Assignment: Check every line of the entries for "Solid", and copy the lines that hold it.

[Opening Task data section]

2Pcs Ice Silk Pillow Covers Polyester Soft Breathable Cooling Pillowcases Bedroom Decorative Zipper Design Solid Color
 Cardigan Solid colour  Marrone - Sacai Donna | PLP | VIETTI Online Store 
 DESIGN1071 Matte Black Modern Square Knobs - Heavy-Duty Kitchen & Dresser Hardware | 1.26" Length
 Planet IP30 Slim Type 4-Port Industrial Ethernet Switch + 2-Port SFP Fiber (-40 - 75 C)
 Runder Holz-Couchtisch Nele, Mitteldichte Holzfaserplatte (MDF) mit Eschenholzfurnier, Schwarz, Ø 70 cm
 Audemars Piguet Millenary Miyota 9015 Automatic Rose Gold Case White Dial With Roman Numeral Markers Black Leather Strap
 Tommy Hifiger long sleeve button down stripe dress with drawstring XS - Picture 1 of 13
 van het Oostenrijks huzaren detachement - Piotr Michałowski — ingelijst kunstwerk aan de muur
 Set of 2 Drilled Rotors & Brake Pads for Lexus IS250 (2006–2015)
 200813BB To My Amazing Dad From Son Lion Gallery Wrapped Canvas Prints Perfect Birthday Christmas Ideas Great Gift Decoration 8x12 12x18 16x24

[Closing Task data section]

Task solution:
2Pcs Ice Silk Pillow Covers Polyester Soft Breathable Cooling Pillowcases Bedroom Decorative Zipper Design Solid Color
 Cardigan Solid colour  Marrone - Sacai Donna | PLP | VIETTI Online Store 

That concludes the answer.